La constitution de la République Démocratique du Congo est tranchée sur la question identitaire, elle stipule ceci : « En ce qui concerne la nationalité, le constituant maintient le principe de l’unicité et de l’exclusivité de la nationalité congolaise. » C’est-à-dire que toute naturalisation sous d’autres cieux fait d’un citoyen congolais, de facto, un non-Congolais.
Lorsque l’on compte les millions d’individus qui ont eu à quitter ce pays, larme à l’œil, afin de fuir la guerre, le chômage, la misère et j’en passe, pour embrasser la citoyenneté de leur pays d’adoption, on comprend vite que par ce bout de texte législatif, la République a déshérité bon nombre de ses enfants.
Une situation injuste pour les exilés et leurs descendants nés dans la diaspora. En effet, comment pénaliser ceux qui ont été contraints de partir la mort dans l’âme? Leur seul crime aura été d’avoir échappé aux flammes d’une maison en feu…
En mode « sauve qui peut », les professeurs, les médecins, les avocats et autres professionnelles ont été les premiers à prendre la poudre d’escampette. À la recherche d’horizons plus prometteurs, ils ont prouvé leur savoir-faire ailleurs, se sont accommodé dans leur nouveau confort, et il est devenu alors très difficile de rentrer au bercail…
Un curieux hasard, car une élite en exil, hors d’état de nuire, a toujours fait l’affaire des dominants impérialistes et de leurs sous-fifres locaux transformés en dictateurs.
En effet, cela ne date pas d’hier, déjà à l’époque de la colonisation belge, les exploitants se plaisaient à répéter « pas d’élite, pas de problèmes ». C’est ainsi que dans les années pré-indépendance, les 500 prêtres formés au grand séminaire — l’équivalent d’une formation universitaire — n’avaient pas le droit de s’impliquer dans le débat politico-social de ce Congo indépendant en phase de voir le jour et avec un besoin pourtant si criant d’intellectuels congolais.
C’est encore par cette logique grossière d’isoler les cerveaux que l’administration coloniale poussa l’audace à son paroxysme en expulsant du Congo le jeune Thomas Kanza, premier universitaire-laïc congolais, à son retour sur la terre de ses ancêtres, après des études en Belgique.
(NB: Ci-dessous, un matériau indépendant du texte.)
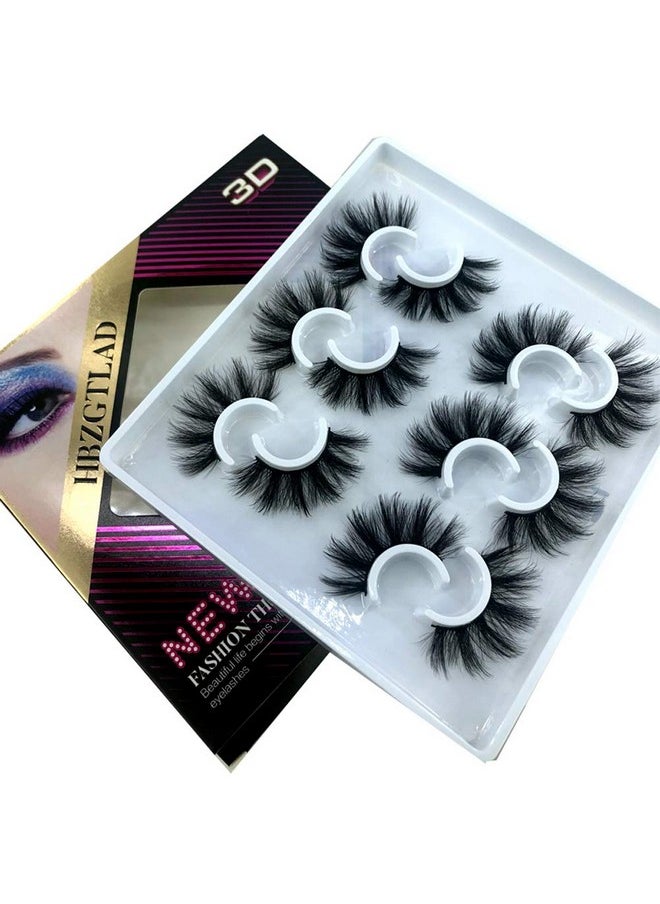 HBZGTLAD - 6 Pairs Fluffy False Eyelashes Natural Faux Mink Strip 3D Lashes Pack (Mdf 12) - Image 1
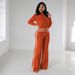 Women's Clothing Autumn And Winter New Long Sleeved Sweater Wide Leg Casual Trousers Two Piece Set_ecoleips.com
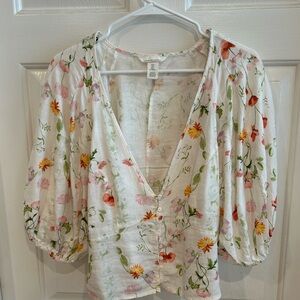H&M Floral Button-Up Blouse - Cream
Les Congolais, comme bien d’autres, ont été victimes de la schizophrénie des super puissances : le syndrome du pompier pyromane. Dans un premier temps, ils allument l’incendie dans votre domicile, et subséquemment, comme par magie, ils vous ouvrent grand les bras, la porte de leur demeure. Comment expliquer que les États-Unis, ceux-là mêmes qui ont comploté pour assassiner Patrice Lumumba avec des plans des plus sordides, les mêmes qui ont soutenu sans vergogne la dictature de Mobutu, ont au même moment, reçu les intellectuels victimes de ce même despotisme en les donnant grands accès aux titres d’enseigner dans leurs universités : les cas de Marcel Lihau et Yves Mudimbe en témoignent.
Les intellectuels restés au pays deviennent « de services », et les plus illustres disparaissent dans des conditions des plus ambiguës : les cas de Samba Kaputo et Katumba Mwanke sont notoires.
Bien entendu, cet article sur la nationalité congolaise devra être ajusté quand cette constitution sera revisitée par les prochains gouvernants.
En attendant, aux Congolais dépossédés, il restera toujours leur patriotisme. Car on peut sortir le patriote de la patrie, mais jamais la patrie du patriote.
Le patriotisme est une maladie incurable, il est un concept beaucoup trop chargé d’émotions pour qu’il puisse se faire et se défaire simplement par des formules administratives.
On ne peut pas effacer des siècles d’histoires de famille sur une terre parce qu’une génération a dû la quitter. « *Eza likambo ya mabele » vous diront les principaux concernés.
Car peu importe les manœuvres de changement constitutionnelles, peu importe où on va, savoir d’où on vient c’est connaître l’identité de son cœur.
*C’est une affaire de terre. Traduction libre du lingala.